Group technique practices
Even the most fundamental techniques in Shorinji Kempo take a lifetime to master properly; so trainees of all ages can benefit from whole group training. Don't be discouraged by the 'en masse', stereotypical training style - this only comprises a fraction of each session. Even the most basic punches and locks are made up of several levels of subtlety that go unseen to the untrained eye, each of which enables one to perform their techniques more efficiently and with greater confidence.
Small group tuition
In order to look at specific disciplines and techniques relevant to individuals we tend to divide parts of each session by grade in order to work in smaller, more specialised groups, with a number of the senior belts supervising or giving instruction.
Meditation helps us to concentrate our efforts and ensures we come to our training focused and in a right mind.
Almost uniquely among the oriental martial arts, Shorinji Kempo is as much a philosophy as it is a form of exercise or self-defence. Kempo recognises that our thoughts and our actions are inextricably linked. 'Strength' and 'Morals' are powerless by themselves, but ideal when united symbiotically.
Massage (aka.

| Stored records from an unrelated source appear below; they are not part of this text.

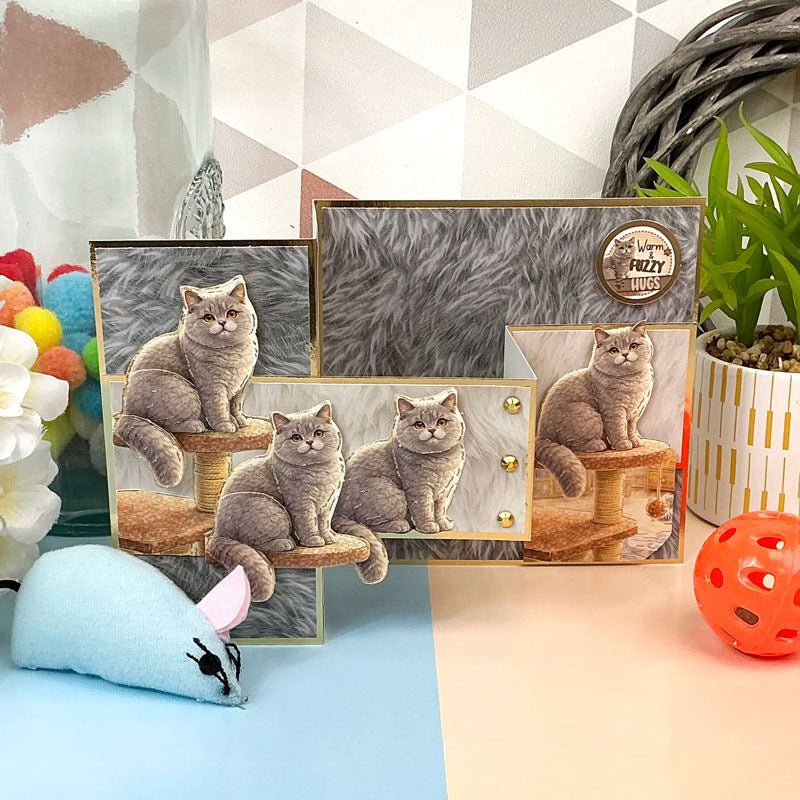 British Shorthair & Blue Persian Decoupage Topper Sheet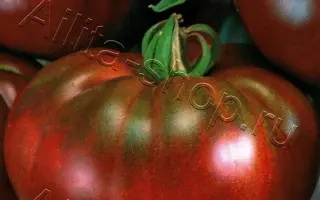 ЧЕРНЫЕ ГЛАЗА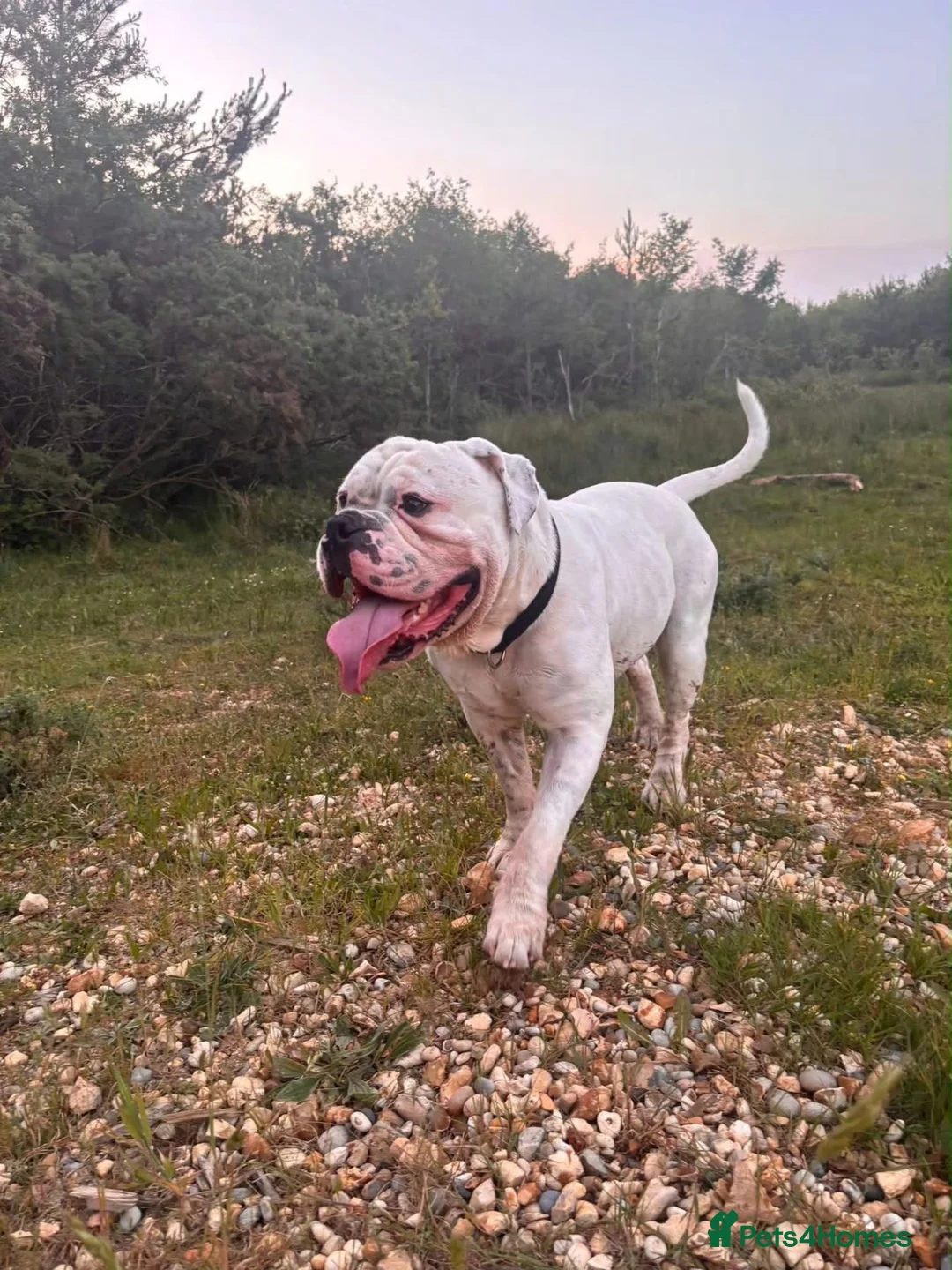 Old Tyme Bulldog dogs for stud: 2 year old, old tyme bulldog for stud in Farnborough - Advert 2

Seiho)
Many of the techniques of Shorinji Kempo involve the use of pressure points in an opponent to deflect attacks or inflict temporary, disabling pain. Many of these same pressure points can be used to relieve pain and tension when pressure is applied in a different way, following the same principles as Shiatsu massage. We practise these from time to time, perhaps after a particularly heavy sparring session! Yet another good reason to bring a friend or partner to a Shorinji Kempo training session.
Sparring (aka. Randori)
Although training is non-competitive and non-confrontational, the best way to practise timing and test one's technique is through one-to-one sparring. This doesn't mean getting beaten up by someone twice your size, but rather being able to discover your own ability while learning from a friend's. It's a fun part of training and can be practiced once you are familiar with pair-work.
In fact, one senior instructor has said "the closer the friend, the better the randori."
Eventually, this skill can be transferred to pre-rehearsed sparring (embu), a central, and impressive feature of Shorinji Kempo. This involves two (or more) people sparring with a pre-determined sequence of techniques, with a minimal number of improvised attacks. This can look particularly impressive.